A post detailing everything I know about math would be a very brief read. Like most who can boast a post-5th grade education, I’m pretty comfortable with the Please Excuse My Dear Aunt Sally acronym by which we recall the proper order of mathematical operations. I’ve memorized the oft-recited and apparently key formula, y=mx+b, although I wouldn’t know how to practically apply this knowledge if my life depended on it. And we would be nearing the end of this post if I did not also know that an equation requires harmony on both sides before it is balanced.

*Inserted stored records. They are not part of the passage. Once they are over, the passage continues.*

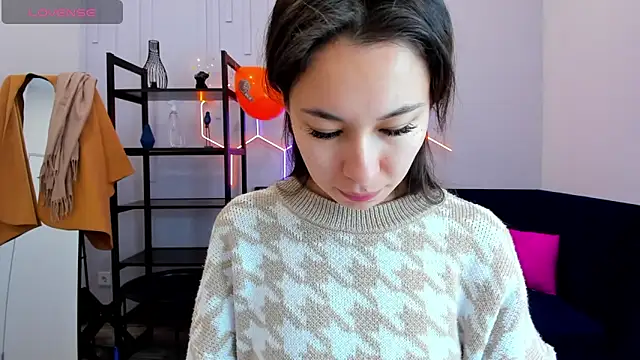 Kat  cat online show from 10-01-25, 02:39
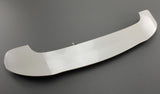 Honda CR-V 2019-on tailgate spoiler (platinum white) 08F02-TLA-6W0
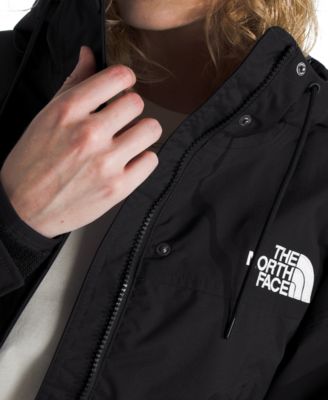 Women's Reign On Jacket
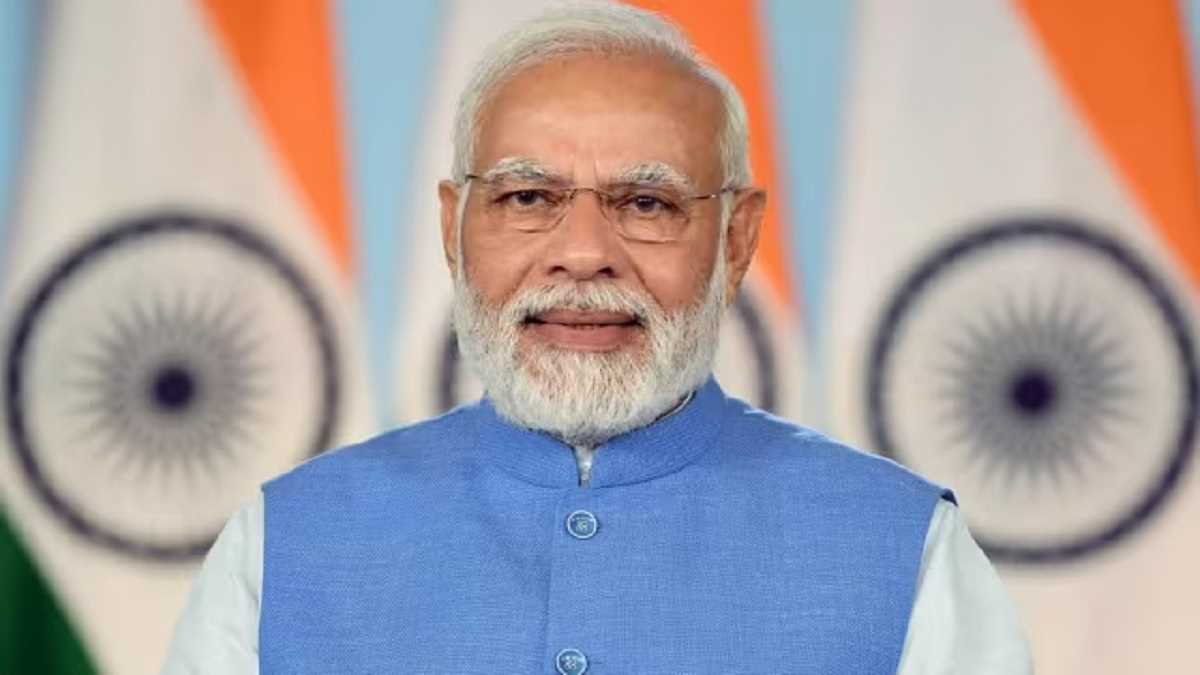 मेरा गुजरात पर, अपने गुजरात के लोगों पर अटूट भरोसा : मोदी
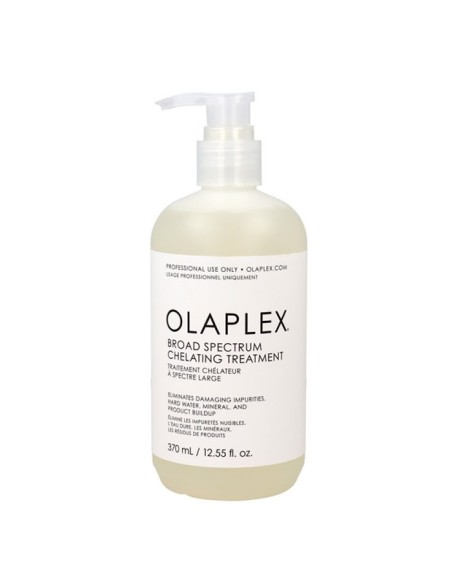 Olaplex Broad Spectrum Chelating Treatment 370ml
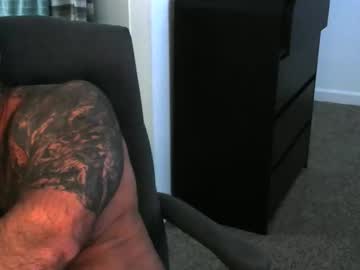 Ineffablebull Chaturbate stream image from January 09, 2026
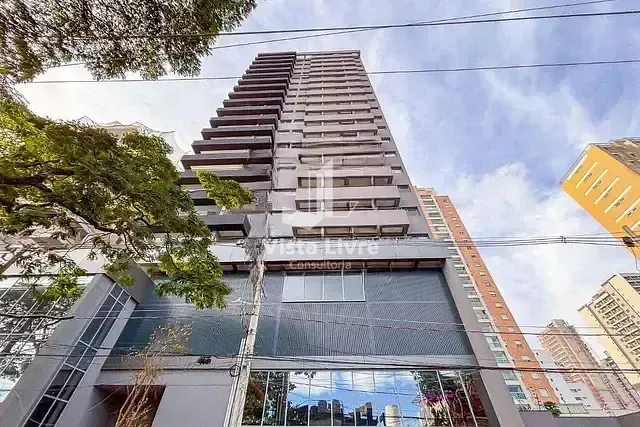 Apartamento, 1 quarto, 25 m² - Foto 18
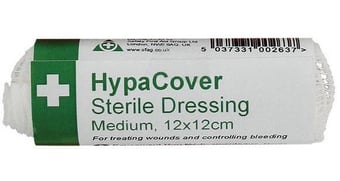 Picture of Premium Wound Dressings - Pack of 6 Individually Wrapped - [SA-D7631PK6]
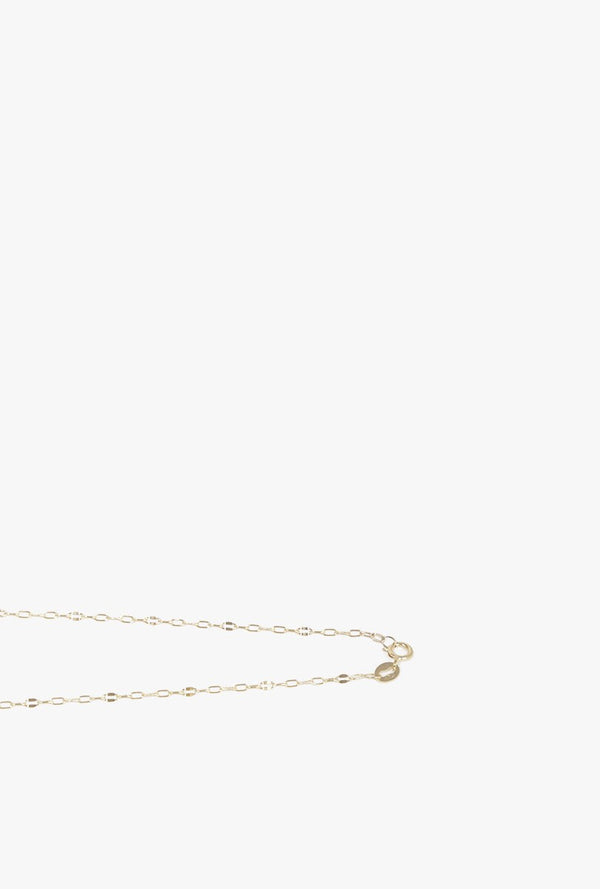 15” Tag Link Choker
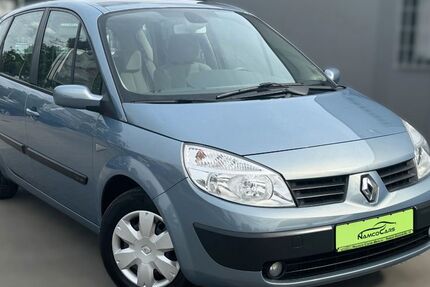Renault Scenic 97.442 km 3.590 &euro; Berlin 13089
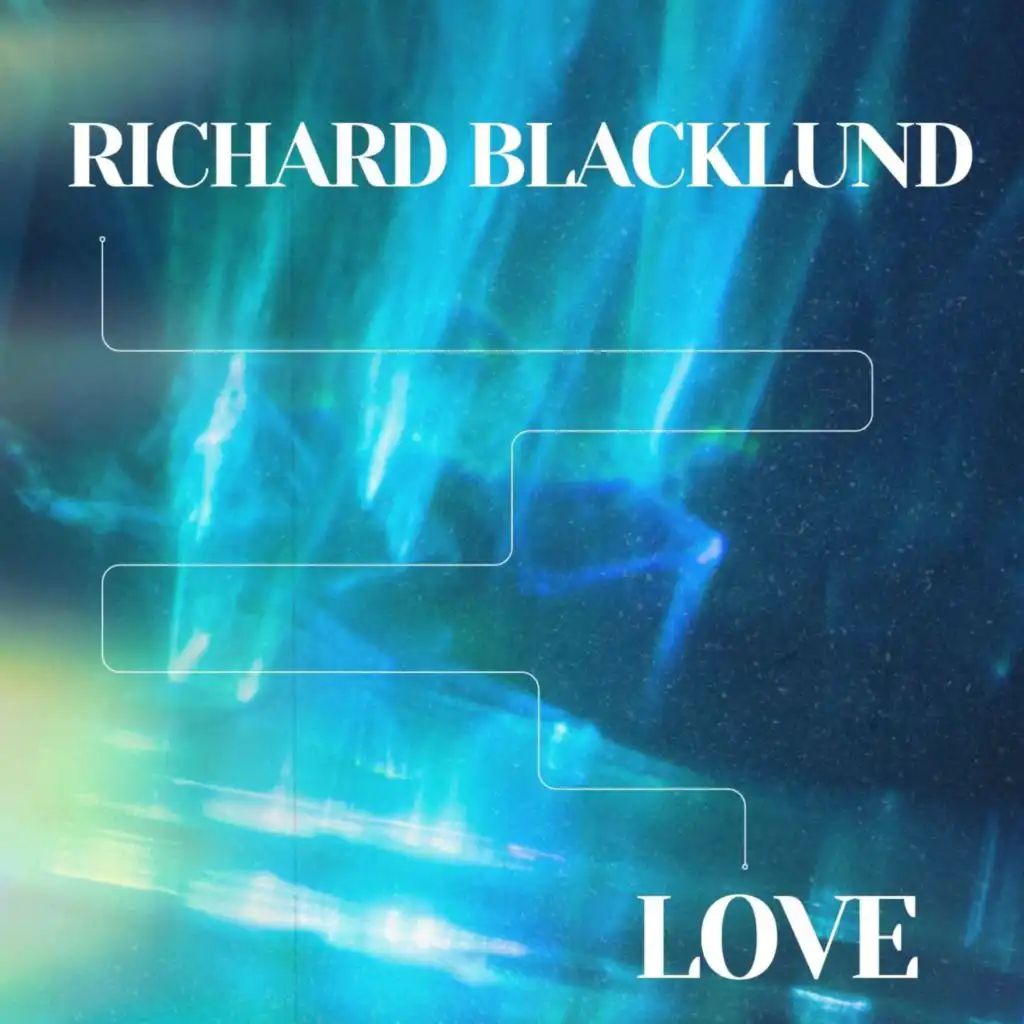 Richard Blacklund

I’ve acknowledged several times on this blog my realization that I need both teaching and writing in my life to feel professionally complete. I’ve noted my hopes to resolve the teaching side of my professional equation with a part time gig as an art teacher. I am pleased to say that the happy conclusion to last week’s interview posts is that I have landed the ideal art teaching job. I will be teaching pre-K-5th graders two days a week in a totally outfitted art room, complete with storage room, sink, and supplies, a conclusion that happily resolves one side of my employment equation.
But, as previously noted, a half calculation does not a solution make. Even in aftermath of factoring in the exponential work load that goes along with being an August hire, my thoughts return in a repeating pattern to the unresolved side of my equation. Mathematically speaking, balance will only result from achieving an equally positive result in my writing endeavors, and I find myself divided on where to best focus my efforts. Continue my YA series? Return to reporting? Explore new markets? The possibilities are infinite, but I can’t assume the results will be equivalent.
So the computation must continue. Fortunately, I think I can figure this one out without protractors, graph paper, or a calculator, although I suspect I may still be tapping my pencil in frustration until I can scratch out a viable product.